Sądzę, że bez Rosji, PUT (a więc bez R) może również powstać i w trudzie i znoju skutecznie budować dobrostan swych krajów. W trudzie i znoju, ponieważ nie wykluczone, że poza tandemem Rosja/Niemcy także zaoceaniczni globaliści mogą przeciwdziałać powstaniu i rozwojowi bloku. Mam tu jednak nadzieję, że ci z USA może przyjmą, iż na PUT da się patrzeć jako na twór przejściowy do budowy imperium "od Lizbony do Władywostoku" - bo to przecież ich idea. Zresztą bedą mieli w PUT swojego człowieka, tj. Zjednoczone Królestwo, chociaż stosunki Bidena z Johnsonem są fatalne. No, ale to są jednostki, na które można nacisnąć, albo wymienić, albo wyeliminować.
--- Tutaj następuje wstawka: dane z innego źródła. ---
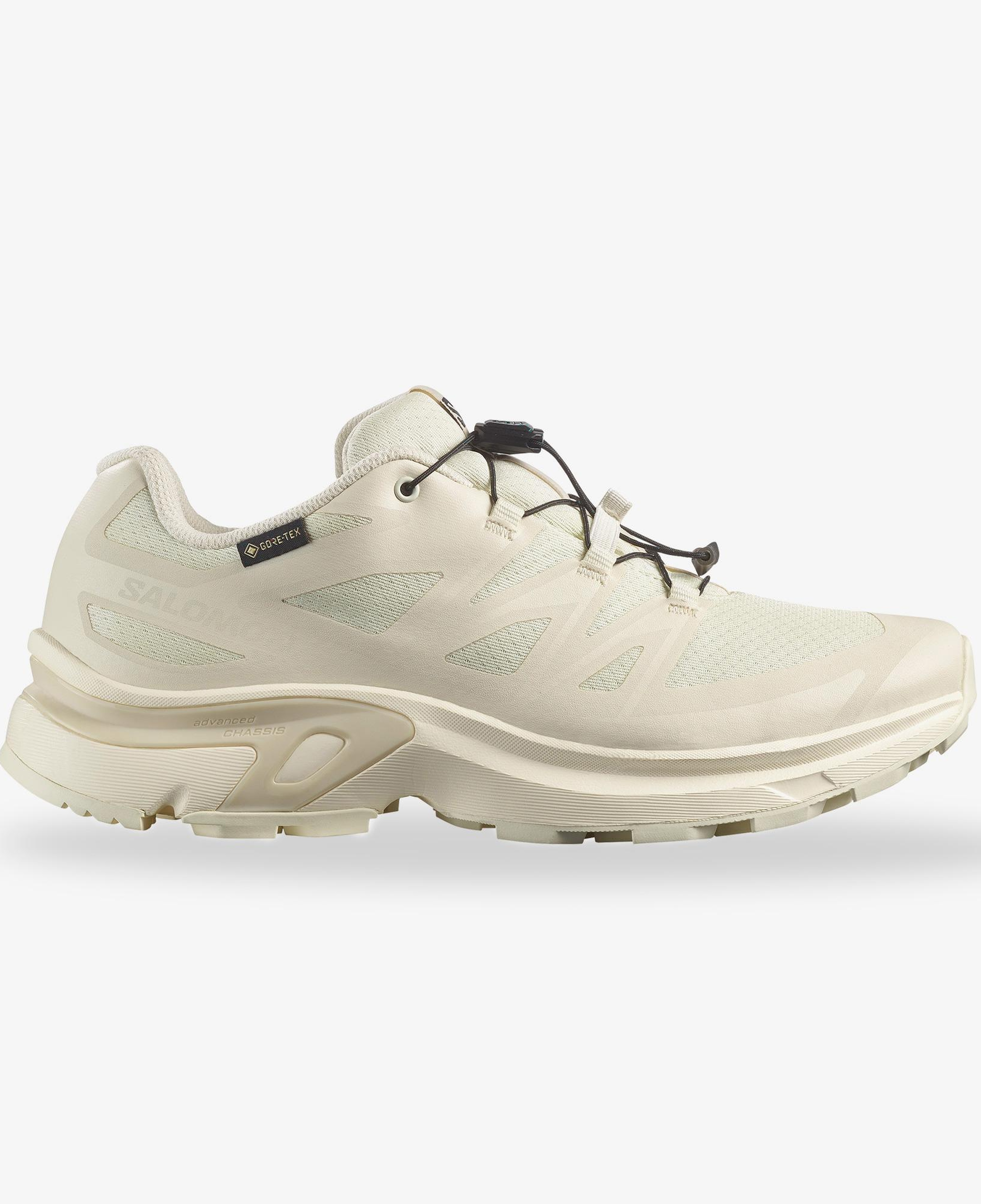 Salomon Xt-Evr Gore-Tex Kadın Krem Outdoor Ayakkabı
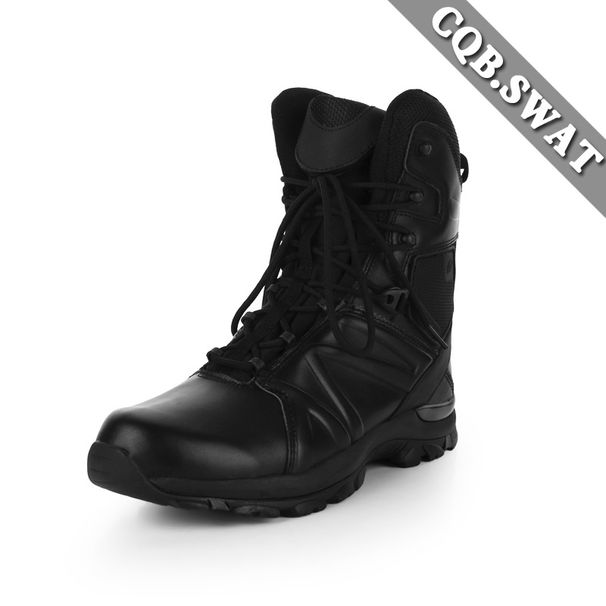 Combat Boots Wild Wolf Light Combat Boots Shock Absorbing High Top Outdoor Tactical Boots Combat Boots Breathable_vogvips.com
Z Rosją w bloku (a więc PUTR) globaliści - mając znacznie ograniczoną swobodę manewru - mogą odwrócić postrzeganie i dać w tyłek Niemcom (Żydzi, zgodnie z nakazem biblijnym, praktykują zemstę do siódmego pokolenia a od Oświęcimia mineły raptem trzy...).W takim przypadku zyskaliby (US-globaliści) jakiś pozytywny "interface" z PUTR. Wielce prawdopodobne, że po jakimś czasie to Niemcy będa pukać do drzwi bloku. Gdyby zostali przyjęci, nie wykluczałbym tego z definicji, to ktoś słusznie zauważy: panie, przecież pan optuje na rzecz imperium od Lizbony do Władywostoku ! Przyznam, że tak, ale w sensie bloku gospodarczego. Bo jestem domorosłym globalistą, w owym gospodarczym wymiarze. Jestem 80+ i gdzieś od około 60-ciu lat już nie oczyma cielęcia, obserwuję co się wokół dzieje. Procesu globalizacji, w praktyce postępującego na gruncie technologii i gospodarki - zatrzymać się nie da. Dla nas ważne jest jaką będziemy mieć - my Polacy i nasze państwo Polska - pozycję w strukturze zglobalizowanej. Przynależąc do tercetu "ojców założycieli" (Polska-UK-Turcja) możemy i powinniśmy się w tym trójkącie wzajemnie wspierać stanowiąc wówczas, wewnątrz PUTR, byt o silnej pozycji w partnerstwie z Rosją. I wtedy, ku..a, ujmując metaforycznie, żaden osioł nie będzie pouczał naszych już uczciwych sędziów jak i jakie mają ferować wyroki. W tych warunkach, zresztą już z chwilą wypowiedzenia członkostwa w UE, rozwalenie V kolumny będzie sprawą banalną. Osobnicy w rodzaju szwarc-charakteru D. Tuska, postaci w gruncie rzeczy tragikomicznej w swym komediodramacie - szybko zostaną odesłani do politycznego niebytu.
---
Jeżeli ktoś mi zarzuci bujanie w strefie marzeń, to się nie obrażę. Tak, to moje marzenia, ale będę oczekiwał, że adwersarz przeciwstawi jakiś kontr-pomysł. A jest potrzebny, bo jak chyba trafnie zauważyłem w poprzedniej notce - stoimy nad przepaścią a z drugiej strony gęsta, szara mgła. Pisząc ten tekst, ostatni z serii, starałem się kierować inżynierską logiką, po części też językiem - dla ułatwienia lektury. Przyświecała mi myśl o tym by Wam młodym w miarę prosto wskazać potrzebę odrzucenia wbitych do głów wielu stereotypów. Jednym z nich jest zespół (chorobowy) "Putina-mordercy", albo "Rosji-imperium zła". Myślę, że Putinowi daleko do liczby wyroków jakie zadecydował Bush senior, "w interesie bezpieczeństwa narodowego USA" - gdy był dyrektorem CIA. Z kolei, w którym przypadku BESTIA dokonała większej zbrodni: Katyń, czy Oświęcim? Na ile porównywalne są wojny Rosji w Czeczenii i sprowokowana w Gruzji, z ludobójczą (i "przyrodobójczą") wojną w Wietnamie? Chodzi też o stereotypy wynikłe z wieloletniego uprawiania wobec nas pedagogiki wstydu i strachu.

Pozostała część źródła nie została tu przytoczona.